I need some help with parsing badly designed csv (Comma-separated values) file. The file contains current meteorological data which is updated every 2.5s. Here is the structure of the file:
1.00 - Csv File Version ID (XX.XX) Floating Point
2012 - Year (yyyy format) Integer
10 - Month Integer
31 - Day Integer
10 - Hour (24-hour format) Integer
58 - Minute Integer
45 - Second Integer
2 - Wind speed 10min average (mph) Floating Point
3 - Wind speed (mph) Floating Point
103 - Wind Direction(degrees) Floating Point
48 - Inside Humidity (%) Floating Point
91 - Outside Humidity (%) Floating Point
67,5 - Inside Temperature (°F) Floating Point
36,5 - Outside Temperature (°F) Floating Point
29,867 - Barometer (in) Floating Point
35,969 - Total Rain (in) Floating Point
0,00 - Daily Rain (in) Floating Point
Here is an example of actual recording:
1.00,2012,11,3,18,36,16,3,4,281,49,74,73,1,55,5,29,890,37,055,0,00
Now I have already written parser in Java.
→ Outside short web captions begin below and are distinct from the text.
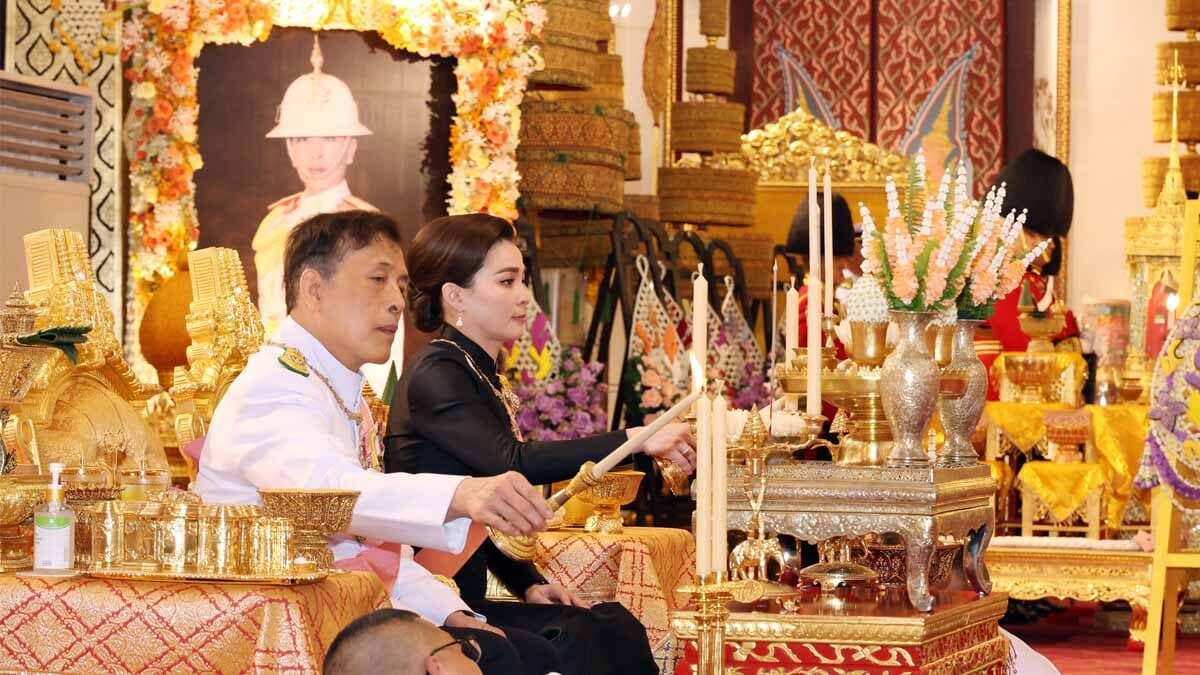 ในหลวง พระราชินี ทรงบำเพ็ญพระราชกุศลปัญญาสมวาร (50วัน) พระราชทานพระศพ เจ้าฟ้าพัชรกิติยาภาฯ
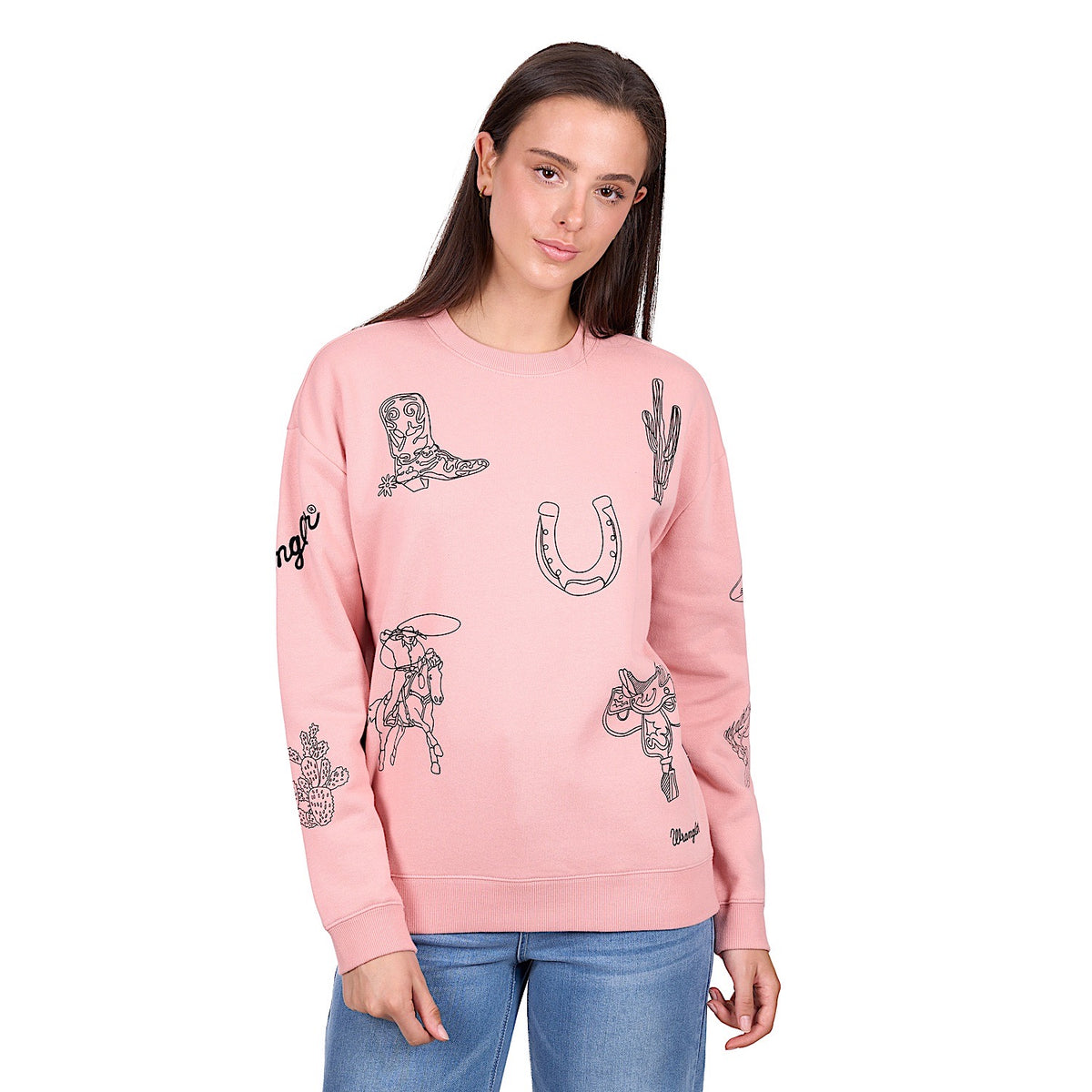 Wrangler Women’s Mallory Crew - Rose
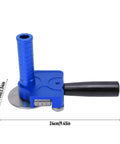 Stainless Steel Sheet Metal Roller Break Bender For DIY And Pro Shops, blue metal tool handle, dimensions shown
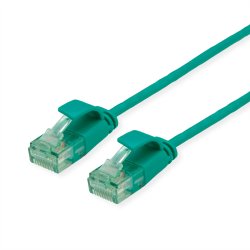 ROLINE RM UTP, SLIM PatchCord, Cat6A/Cl.EA, green, 1m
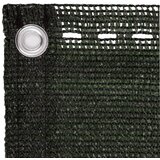 Balkonski zastor tamnozeleni 75 x 300 cm HDPE | Shoptok.si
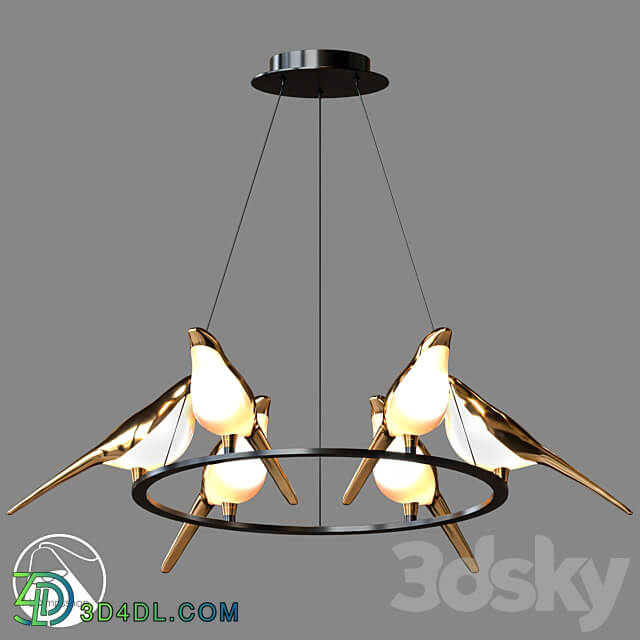 LampsShop.ru L1514a Chandelier Jessie B Pendant light 3D Models 3DSKY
I am using two additional libraries:
- JodaTime 2.1
OpenCsv 2.3
// First we read file. CSVReader reader = new CSVReader(new FileReader("/VPLive/data.csv"));` List<String[]> data = reader.readAll(); reader.close(); // Actual data is in first element, which contains string array. String[] records = data.get(0); // First we parse date and time. DateTime dateTime= new DateTime(Integer.parseInt(records[1]), Integer.parseInt(records[2]), Integer.parseInt(records[3]), Integer.parseInt(records[4]), Integer.parseInt(records[5]), Integer.parseInt(records[6])); // Then we parse air temperature. double airTemperatureFahrenheit = Double.parseDouble(records[14] + "." + records[15]);
Now the problem with this approach is, that the file separates fixed value from decimal value with comma. Now this is solvable as I have shown for air temperature in code example. But get this:
When the air temperature is for example 55°F, it prints only 55. There is no decimal zero after fixed value. The same goes for wind speed. The values that can have decimal point value are:
- Wind speed 10min average
- Wind speed (mph)
- Inside Temperature (°F)
- Outside Temperature (°F)
So there are 4^2 = 16 combinations of different file structure. I am currently stuck as I do not know how to solve this problem. I am thinking about setting reference point, for example I know that barometer must be in a given interval.
Edit: I forgot to mention. The single row in data.csv is constantly being overwritten every 2.5s. So I cannot see previous values. But I do have values in archive for every 1min. But I need to read that file whenever is updated because I am implementing live functionality.